Instructions for the task
Starting with the line below that holds "Purchase Top-Quality Turn" and stopping after the line that holds "Coffret Classique 2", transcribe the lines exactly, leaving out all pictures.
##### Dataset records #####
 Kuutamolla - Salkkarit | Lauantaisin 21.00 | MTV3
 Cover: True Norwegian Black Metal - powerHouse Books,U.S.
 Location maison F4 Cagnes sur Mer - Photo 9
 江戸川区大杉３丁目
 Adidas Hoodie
#####
##### Dataset records #####
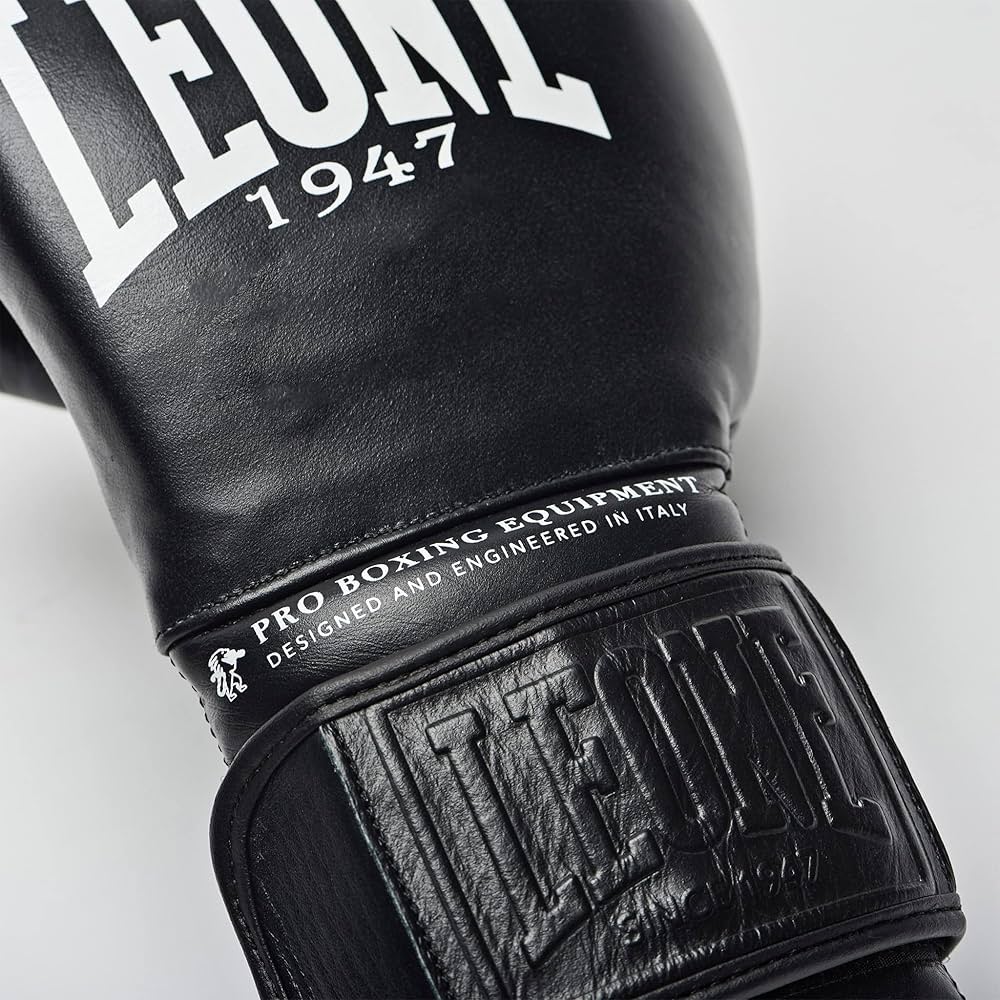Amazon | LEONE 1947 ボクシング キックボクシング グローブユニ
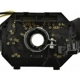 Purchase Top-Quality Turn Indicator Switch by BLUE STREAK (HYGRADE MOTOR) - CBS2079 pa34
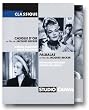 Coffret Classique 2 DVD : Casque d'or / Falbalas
#####
The answer
 Purchase Top-Quality Turn Indicator Switch by BLUE STREAK (HYGRADE MOTOR) - CBS2079 pa34
 Coffret Classique 2 DVD : Casque d'or / Falbalas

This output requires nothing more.